During the installation of the package please verify that all the required dependencies installed successfully, if not try to install them one by one manually.

3.Usages-Guidelines

Uses Commands
>>> import redshift_tool
>>>  redshift_tool.query(data,method,redshift_auth=None,s3_auth=None,schema=None,table=None,
                         primarykey=None,sortkey=None,distkey=None,upsertkey=None)

a). data:- It will take any pandas Data frame.

>>> data= df
b). method: There are two methods of writing pandas data frame as defined above either by ‘append’ or ‘upsert’.
>>> method='append/upsert'
c). redshift_auth:- To write the data into redshift, it is required to establish the redshift connection. It is the connection’s credential parameter.
>>> redshift_auth= {'db':'database_name','port':port,'user':'user','pswd':'password','host':'host'}
d). s3_auth:- AWS S3 is used to enhance the performance of the copy operation. It is used to pass the AWS S3 credentials as well S3 bucket name. S3 Bucket is a place where you can put your files temporary for coping into redshift tables.
>>> s3_auth = {'accesskey':'aws_access_key','secretkey':'aws_secret_key','bucket':'s3_bucket_name'}
e). schema:- If there is any schema name associated with your database in which table will be created.
>>> schema='Schema_name'
f). table:- Target table name to write pandas.
  1. If target table is already exist, function will be used to copy/usert data into exiting table.
  2. A user can proceed with two steps in case of target table is not exist.
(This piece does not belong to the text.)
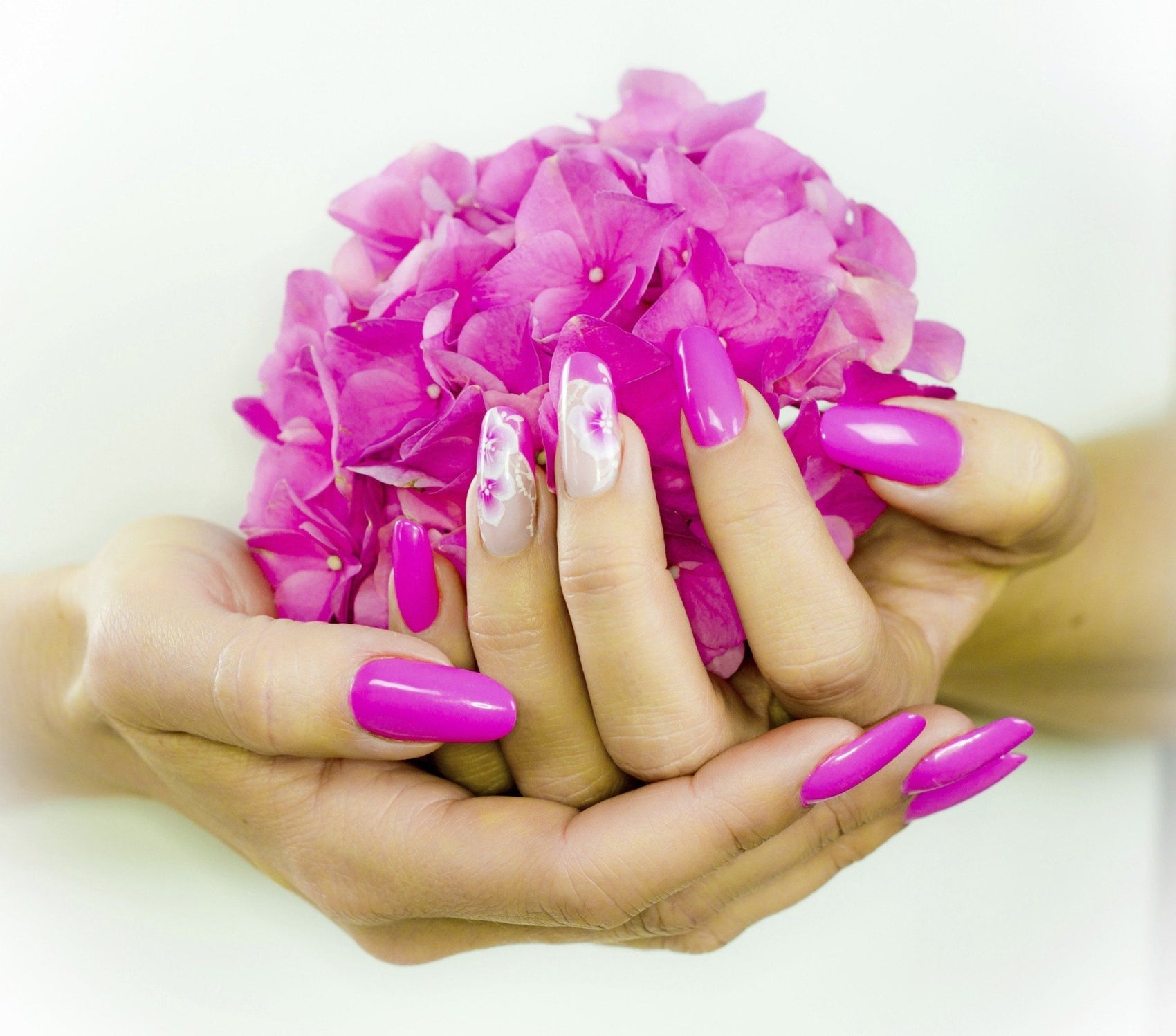 Making nail art easier than a summer breeze | Chroma Gel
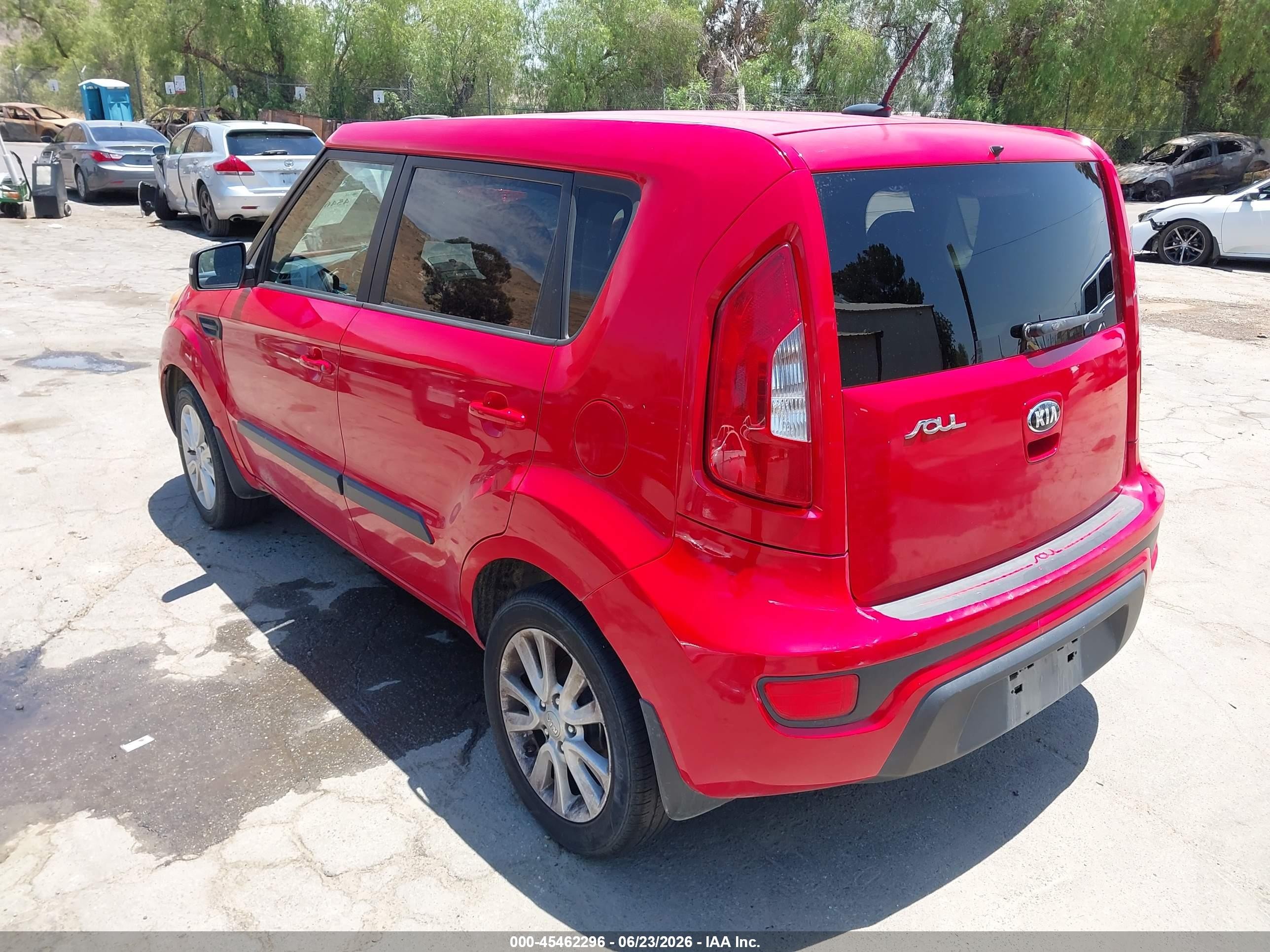 2013 Kia Soul + Red vin: KNDJT2A65D7555825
2.1. Use SQL Create staatement to create taget table manualy.

2.2. This libaray can also create target table on the basis of input pandas dataframe columns and datatypes so before using the command make sure all the column names and datatypes of pandas dataframe set properly.

>>> table='table_name'
g). primarykey:- A primary key is a special relational database table column (or combination of columns) designated to uniquely identify all table records.

While creating the table by default, if it is required to define any column as primary key, then pass the column name in a tuple in this parameter.

>>> primarykey=('Primary_Key') or
>>> primarykey=('Primary_Key1','Primary_Key2')
h). sortkey:- A sortkey is a field or column that is used to sort the data. It can be a single key as well as multiple keys.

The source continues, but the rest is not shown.